Now, in some ways this flies in the face of what is a growing marketplace conviction that it is much more cost effective to invest in satisfying your current customers; that if they’re very satisfied they’ll tell their friends, etc.  And there is more than enough evidence to support that conviction.  An excellent article that supports this idea is Putting the Service-Profit Chain to Work.

So if that’s true, why would you want to make someone not yet in the seats your customer?  Why not simply work at making your current customers very satisfied?  Two reasons:  First, there are literally hundreds of thousands of churches throughout the United States (and to some extent around the world) who have catered to the interests of current customers to disastrous consequences.  In fact, the vast majority of churches are so committed to satisfying the needs of the people already in the seats that they’ve developed a club atmosphere that is very hard to break into.  Any comparison of this mentality with the marketplace notion of developing very satisfied customers would quickly identify the disparity between the two.

The second reason the church must remain focused on people not yet in the seats is a biblical imperative.  It is not about keeping what you already have.  It is about finding what you don’t have.
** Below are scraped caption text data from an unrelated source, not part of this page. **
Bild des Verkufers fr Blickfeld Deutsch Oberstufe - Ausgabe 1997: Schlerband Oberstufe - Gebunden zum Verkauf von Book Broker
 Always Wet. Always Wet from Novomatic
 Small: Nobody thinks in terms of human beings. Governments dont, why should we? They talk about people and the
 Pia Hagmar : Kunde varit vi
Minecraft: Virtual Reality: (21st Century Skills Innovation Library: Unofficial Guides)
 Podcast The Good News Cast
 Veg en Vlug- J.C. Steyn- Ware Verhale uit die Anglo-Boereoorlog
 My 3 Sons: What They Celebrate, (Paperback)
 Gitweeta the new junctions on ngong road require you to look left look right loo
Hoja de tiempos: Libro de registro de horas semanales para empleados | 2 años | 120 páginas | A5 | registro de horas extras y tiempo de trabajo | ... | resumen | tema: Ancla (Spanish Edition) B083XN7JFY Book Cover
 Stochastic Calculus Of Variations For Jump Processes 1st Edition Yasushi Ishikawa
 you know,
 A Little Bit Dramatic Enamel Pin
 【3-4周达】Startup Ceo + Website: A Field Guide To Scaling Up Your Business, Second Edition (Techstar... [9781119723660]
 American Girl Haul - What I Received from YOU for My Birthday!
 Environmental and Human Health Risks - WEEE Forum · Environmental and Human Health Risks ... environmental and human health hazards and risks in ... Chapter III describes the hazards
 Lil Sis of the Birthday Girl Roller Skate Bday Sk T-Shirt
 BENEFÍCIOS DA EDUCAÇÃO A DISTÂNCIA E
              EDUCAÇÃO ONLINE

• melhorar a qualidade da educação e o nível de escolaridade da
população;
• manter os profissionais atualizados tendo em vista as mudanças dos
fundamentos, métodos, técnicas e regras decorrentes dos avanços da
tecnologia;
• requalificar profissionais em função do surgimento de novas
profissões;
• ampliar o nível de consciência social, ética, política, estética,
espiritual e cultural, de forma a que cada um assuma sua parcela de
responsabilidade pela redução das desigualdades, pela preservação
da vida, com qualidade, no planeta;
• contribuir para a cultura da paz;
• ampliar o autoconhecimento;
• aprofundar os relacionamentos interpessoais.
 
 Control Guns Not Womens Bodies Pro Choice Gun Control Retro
If you’re a frequent reader of StrategyCentral then you know how often we find a kind of convergence between great business strategy or leadership and the needs of the Church.  So how to explain the divergence in the identification of our real customer?  I believe the divergence stems from a missed conversion.  Not the initial conversion.  I’m talking about the one where you help your customers become as committed to the mission as you are.  And then to turn around and become customer-centered themselves.  Setting their own needs aside and focusing on the needs of others (see Philippians 2:1-4).  And that is a very big challenge.  Can it be done?  Yes.  Is it hard work?  Yes.  Is it worth it?  Yes.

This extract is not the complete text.